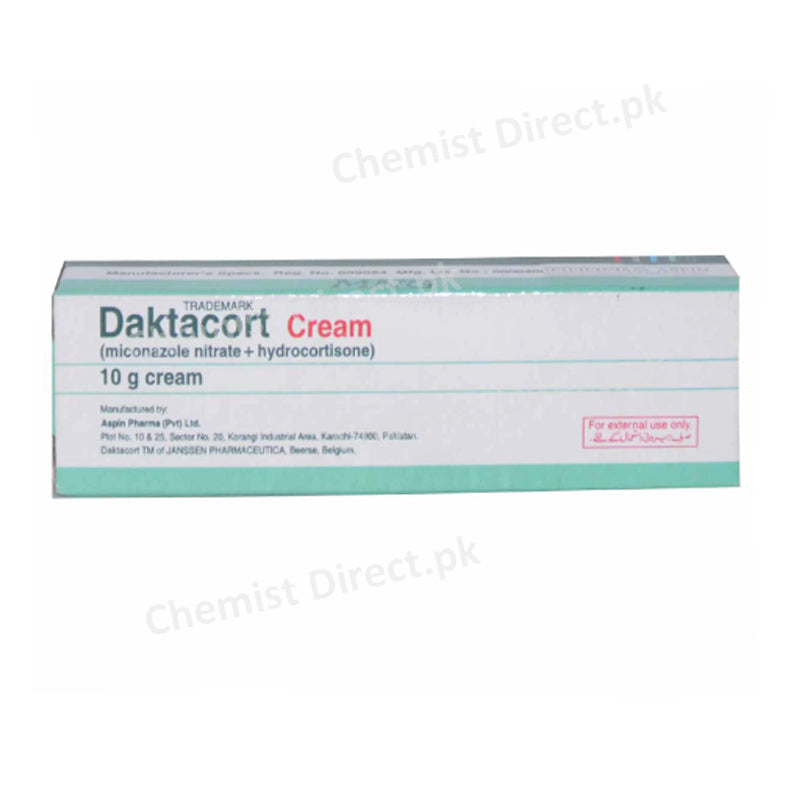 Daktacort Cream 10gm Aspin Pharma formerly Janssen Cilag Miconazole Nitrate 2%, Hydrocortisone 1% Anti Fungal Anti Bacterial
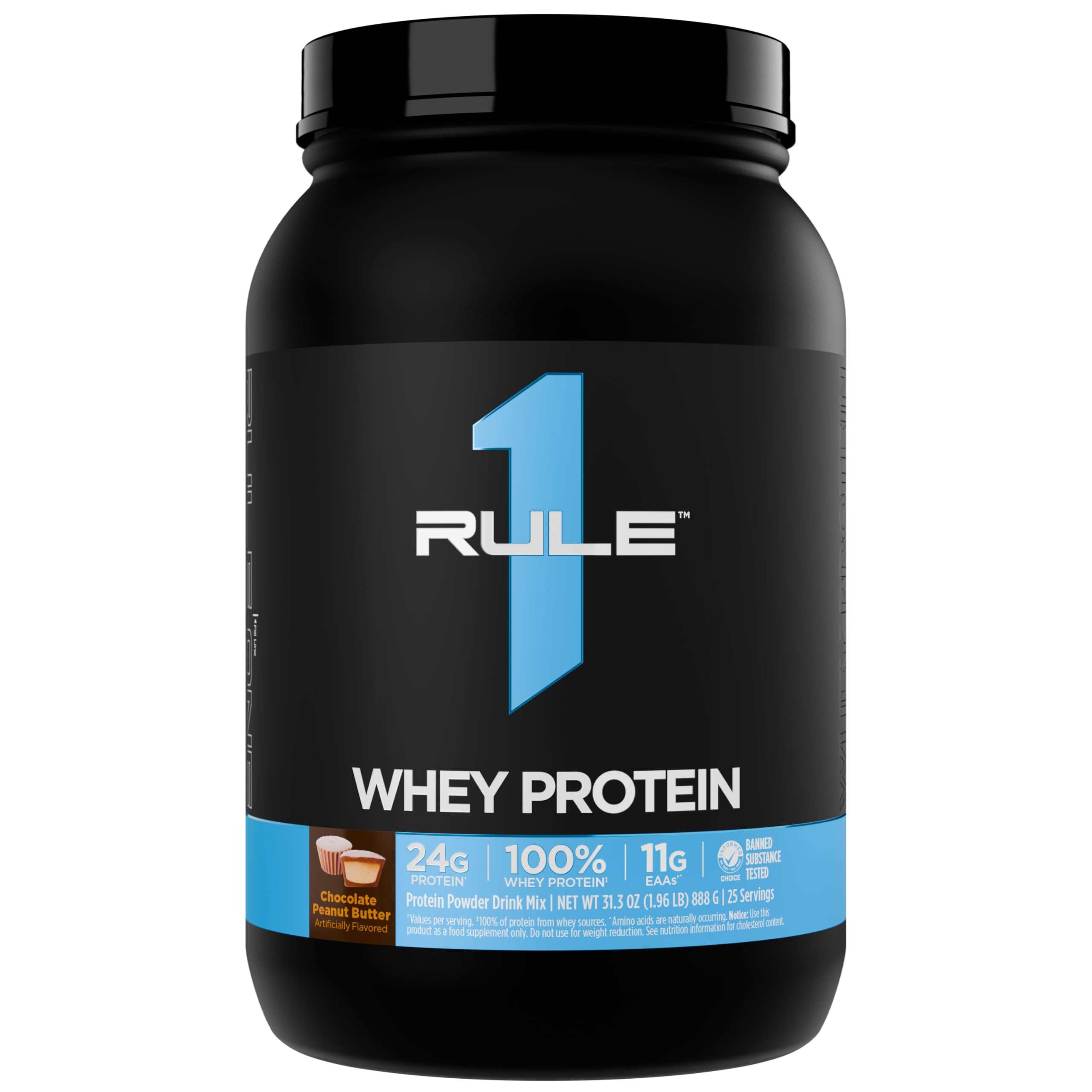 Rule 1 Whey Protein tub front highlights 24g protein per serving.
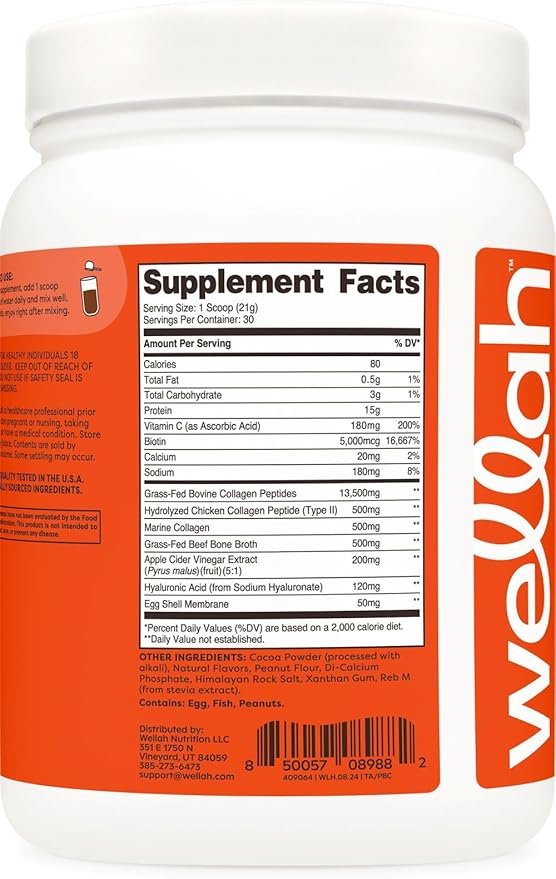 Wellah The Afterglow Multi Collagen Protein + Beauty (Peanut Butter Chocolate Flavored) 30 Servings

WORK INSTRUCTIONS ▸
Each line above is to be repeated exactly as written; no picture is carried over.

ANSWER BOX ▸
 Daktacort Cream 10gm Aspin Pharma formerly Janssen Cilag Miconazole Nitrate 2%, Hydrocortisone 1% Anti Fungal Anti Bacterial
 Rule 1 Whey Protein tub front highlights 24g protein per serving.
 Wellah The Afterglow Multi Collagen Protein + Beauty (Peanut Butter Chocolate Flavored) 30 Servings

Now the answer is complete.